"Honey, I have to join Ashley Madison.”
So began the pitch I gave my wife to let me join the marrieds-looking-for-affairs website, AshleyMadison.com. It would be part of my research into women who cheat, why infidelity is increasing, and what can be done to possibly affair-proof a marriage. I proposed to “cheat” on her for a few weeks, to talk to and attempt to seduce as many women as possible, and get a real-world understanding of why women want to stay married but also need some illicit action on the side.
Of course, on my end, there’d be nothing more than conversation. She looked at me straight-faced, unflinching. I searched her eyes for any telltale sign of the Charles-I’m-going-to-punch-you-in-the-face-right-after-I-castrate-you look; nothing. After a long pause, I got her only thought: “No, I get it,” she said emphatically. “It’s a great story. But it’s kinda like asking the newly-vegetarian fox to guard the henhouse, isn’t it?”

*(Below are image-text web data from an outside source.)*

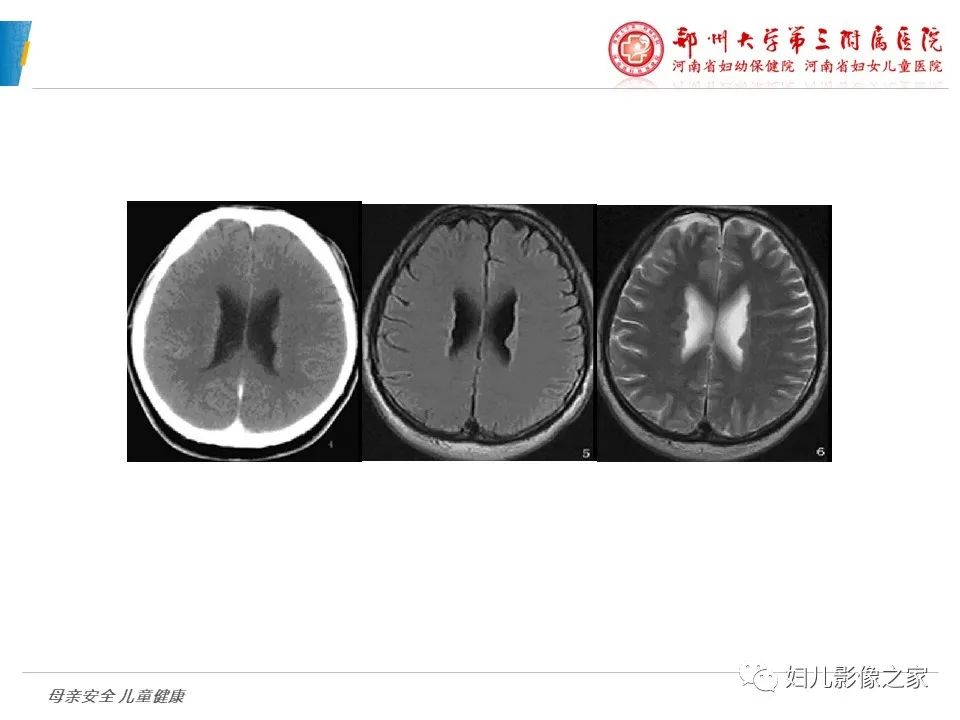影像PPT - 【PPT】脑神经元移行异常（NMD）-11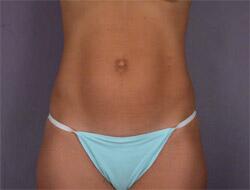 Liposuction Before & After Image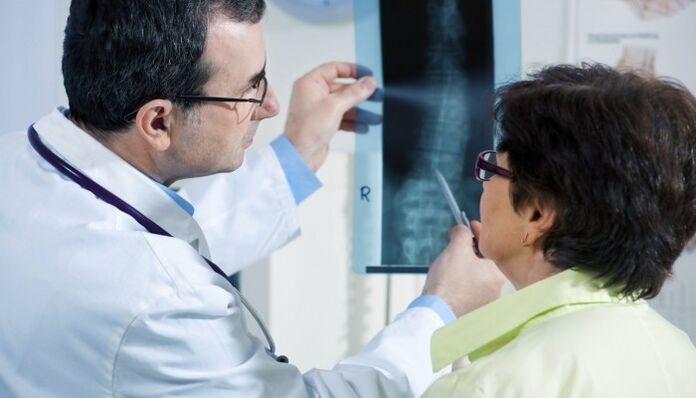 röntgen chrbtice s osteochondrózou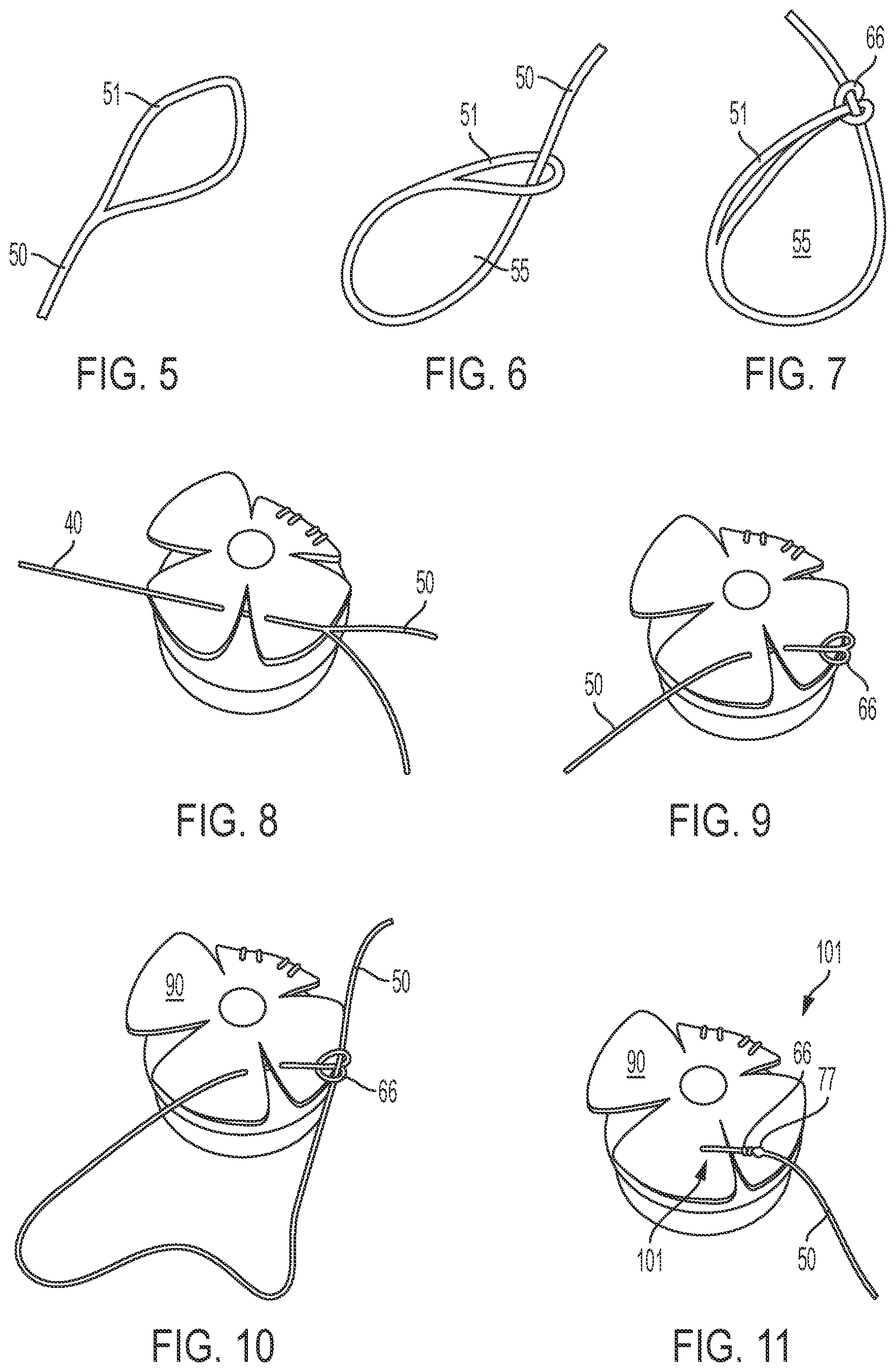 Patent US12564399 Figure 2 – Tensionable knotless surgical techniques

I thought about it, and unfortunately her statement wasn’t too far from the truth. If you back me up a few years—sans wife, kids, dogs, published books on relationships and 1,400,000+ fans following my relationship advice on Facebook—I was a chronic womanizer. This is a past she knows about but never experienced personally.
To make matters worse, I wasn’t some weak pick-up artist using idiotic dating boot camp approaches that reeked of negativity and douchebaggery on vulnerable women in order to break them down and manipulate them into sex. No, I was far more despicable than that. Back then, I wasn't just looking to get women into bed. I worked hard to become the embodiment of seduction—to quickly read the spoken and unspoken clues of what a woman was looking for in a man and then give her the perception I was that guy—in effect, to become so alluring that she would willingly give herself over, thinking that having sex was her idea. After all, it’s much easier to convince people of things they think they have thought of themselves. It was quite a rush, and as the wake of emotional destruction would later exemplify, seducing women became my drug of choice.
“No, Babe, that’s not even close,” I told her, not fully considering the implications of the coming situations. “That was years ago. And you know that I love you. There’s nothing to fear.”
After another pregnant pause, she consented with a few words of sage advice: “Don’t fuck up.”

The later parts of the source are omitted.